I watched The Lost Daughter last week, and it was that kind of film that is felt, remaining in your mind for a longer period of time. It reminded me of how I miss this, and also it made me think of motherhood. It reminded me Marianne Wiggins’ lines and feelings, of my own undisclosed desires, of how I used to (or am using to) organise/think of my life, thinking all the time of that unborn child. Motherhood can be in our blood, part of ourselves from the beginning, as an invisible limb/heartbeat/breathing that we know it is there.

But motherhood can also mean depression. And unthinkable loneliness. Exhaustion. A burden and not a blessing. And again depression that should must be acknowledged, both for your own and your child’s wellbeing. I have always believed that not all of us are meant to be parents, and parenthood should be felt first as part of yourself, and not an unwritten, unbroken law of society/of family.

Up to one point, we are all the same: we all need to feel safe, nobody wants to live in loneliness, everybody needs to cover Marlowe’s basic needs. After those basic needs, we start to become different: some of us don’t want a career and want to bring up children, some of us want a career and don’t want children, some of us want them both. We are doctors, teachers, professors, freelancers, dancers, lovers, mothers, fathers, brothers, sisters, unemployed, or working 12 hours/day.
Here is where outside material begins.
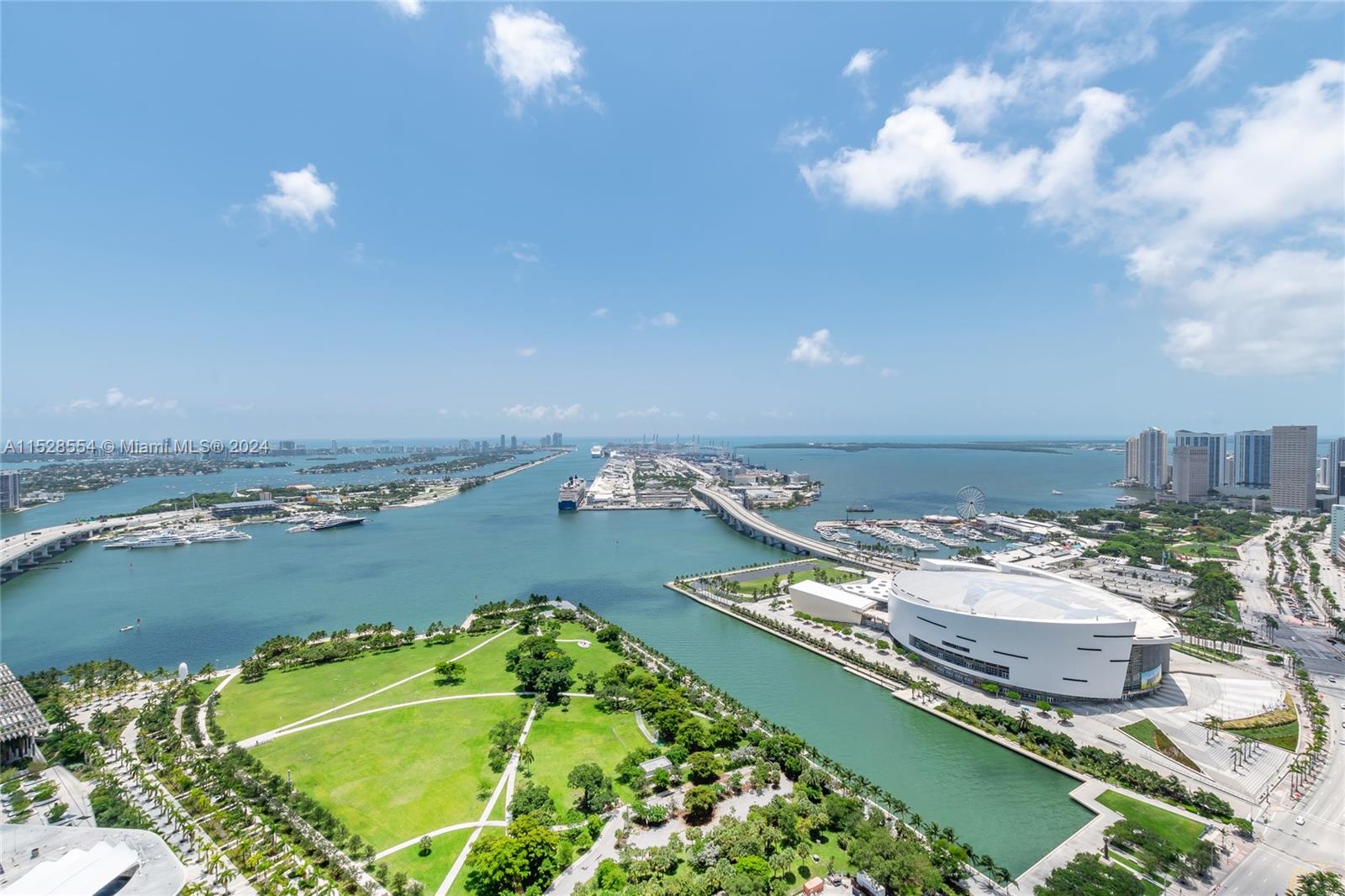 Exquisite 3-STORY PENTHOUSE in the heart of downtown Miami offers breathtaking OCEAN, BAY, & CITY VIEWS. Featuring 4,264 SQFT w/ 3 BEDS & 5.5 BATHS, the first floor features a modern OPEN LAYOUT with kitchen, living, and  dining areas. Discover a welcoming guest bedroom w/ a full ensuite bath. Ascend to the SECOND FLOOR, where you'll encounter the expansive master bedroom. The master ensuite is designed with a double sink and standing shower for added comfort. There is a secondary bedroom on this floor, complete w/ its own full ensuite. The crowning jewel is the THIRD-FLOOR TERECE, complete w/ a PRIVATE POOL & a FULLY EQUIPPED BAR featuring a sink & refrigerator. Just a few steps to the Kesaya Arena, 10/15 minute drive to Miami Beach, Wynwood, & Design District, location cannot be beaten!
Some of us cherish our free time, others are workaholics, all of us hate inner pain and try to find ways to make it numb. Being a parent, especially a mother, because it will always be the mother who has at least at first the strongest bond with the child, should be one of the most personal decisions, and not a social/inherited one. The Lost Daughter is about acceptance of grief as part of ourselves, but also of accepting who and what we are, and what we want from life. Before embracing this grief for life, perhaps each one of us should look into the mirror and accept their inner voices, acknowledge them, and answer on their own if to be or not to be a mother.